The Peukert effect significantly impacts lead-acid batteries: capacity decreases at higher discharge rates following C_effective = C_rated × (I_rated/I_actual)^(k-1), where k = 1.1-1.3 for lead-acid and 1.02-1.08 for lithium chemistries. A 100 Ah lead-acid battery at 2C discharge (200A) delivers only 70-80 Ah usable capacity—30% less than the 1C rating. Temperature also affects capacity: Li-ion delivers ~80% capacity at 0°C and ~60% at -20°C per manufacturer specifications.

Worked Example

Calculate runtime for an electric golf cart. Battery: 48V, 150 Ah LiFePO4 pack. Motors: two 1.5 kW hub motors. Typical usage: 70% duty cycle at 50% throttle, hilly terrain.

Step 1 — Calculate battery usable energy: E_total = V × Ah = 48 × 150 = 7200 Wh DoD for LiFePO4: 95% E_usable = 7200 × 0.95 = 6840 Wh

Step 2 — Estimate average motor power consumption: At 50% throttle: P_motors = 0.50 × (2 × 1500W) = 1500W mechanical output Motor efficiency (85%): P_motor_elec = 1500 / 0.85 = 1765W Controller efficiency (95%): P_system = 1765 / 0.95 = 1858W

Step 3 — Account for duty cycle: Average power: P_avg = 1858W × 0.70 = 1301W Average current: I_avg = 1301 / 48 = 27.1A

Step 4 — Verify C-rate and Peukert effect: C-rate = 27.1 / 150 = 0.18C LiFePO4 Peukert exponent ≈ 1.05 Capacity derating: (1/0.18)^0.05 = 1.09 (9% bonus vs. 1C rating) Effective capacity: 150 × 1.09 = 163 Ah equivalent

Step 5 — Calculate runtime: Runtime = (48 × 163 × 0.95) / 1301 = 7430 / 1301 = 5.71 hours

Result: The golf cart operates approximately 5.7 hours (34 km at 6 km/h average) under typical 70% duty cycle conditions.
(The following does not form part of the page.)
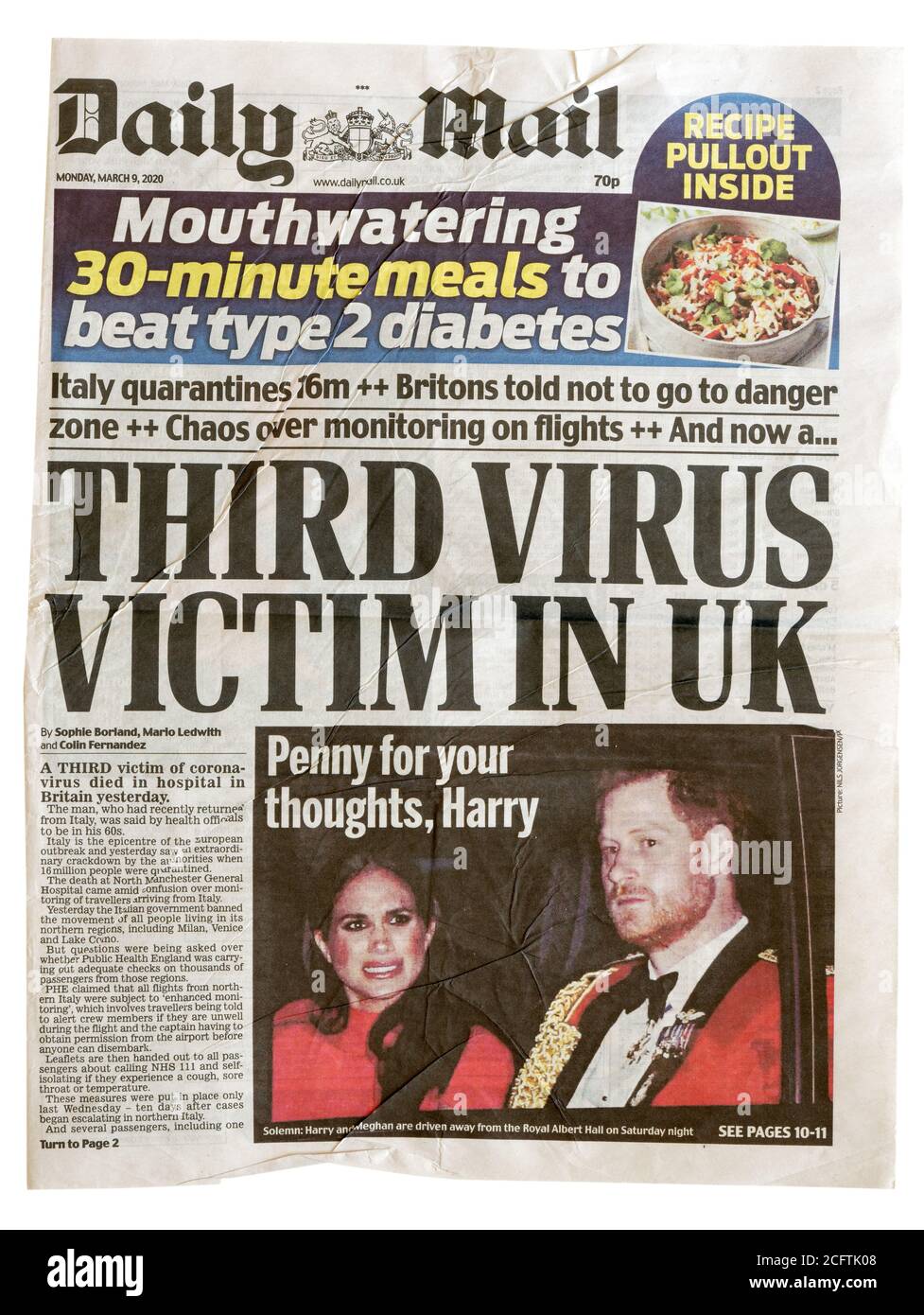 La prima pagina del Daily Mail da marzo 2020 con il titolo terza vittima di virus nel Regno Unito, circa la terza persona a test positivo Foto Stock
Add 20% safety margin: plan for 4.6 hours between charges to account for aging and temperature variation.

Practical Tips

  • Per battery longevity guidelines, limit DoD to 80% for NMC lithium (1000+ cycles) and 50% for lead-acid (500+ cycles); deeper discharge accelerates capacity fade—a 100% DoD NMC cell lasts only 300-500 cycles
  • Log actual current with a coulomb counter during representative operation cycles—real-world average is typically 40-60% of worst-case estimates due to coasting, regeneration, and variable loads
  • Per cold-weather guidelines, derate Li-ion capacity by 20% at 0°C and 40% at -20°C; lead-acid loses 50% capacity at 0°C—critical for outdoor winter applications

Common Mistakes

  • Using peak motor current instead of average: Per battery sizing practice, a robot at 60% duty cycle draws average current of 0.6× peak; using peak overestimates consumption by 67%, causing unnecessary battery oversizing
  • Ignoring Peukert effect on lead-acid batteries: At 2C discharge, lead-acid delivers only 70-80% of rated Ah per Peukert equation; lithium batteries (k≈1.05) are nearly immune to this effect
  • Forgetting controller and wiring losses: Per system analysis, motor controller efficiency is 90-97% and cable losses add 1-5%; total system efficiency of 80-90% reduces runtime 10-20% versus motor-only calculations

Frequently Asked Questions

Per Linden's 'Handbook of Batteries': Peukert effect describes capacity reduction at high discharge rates. The empirical formula C_eff = C_rated × (I_rated/I)^(k-1) uses Peukert exponent k: 1.1-1.3 for lead-acid, 1.02-1.08 for lithium. Example: 100 Ah lead-acid (k=1.2) at 100A (1C) delivers 100 Ah, but at 200A (2C) delivers only 100×(100/200)^0.2 = 87 Ah. Always check manufacturer discharge curves at actual operating C-rate for accurate runtime.
Per battery sizing methodology: Size energy (Wh) for average power to meet runtime requirement. Size continuous current rating (C-rate) for peak current to avoid excessive voltage sag (>10% causes controller brownout). For pulsed loads, add bulk capacitance (1-10 mF per amp of pulse current) to smooth current demand—the battery then sees only average current while capacitors supply peaks.
Per manufacturer data across chemistries: Li-ion capacity drops to 80% at 0°C and 60% at -20°C due to increased internal resistance. Lead-acid drops to 50% at 0°C. High temperatures (>45°C) accelerate permanent capacity degradation at 2-3% per year above baseline. For reliable outdoor operation, insulate batteries and use thermal management to maintain 15-35°C operating range. Derate capacity 20% minimum for uncontrolled outdoor applications.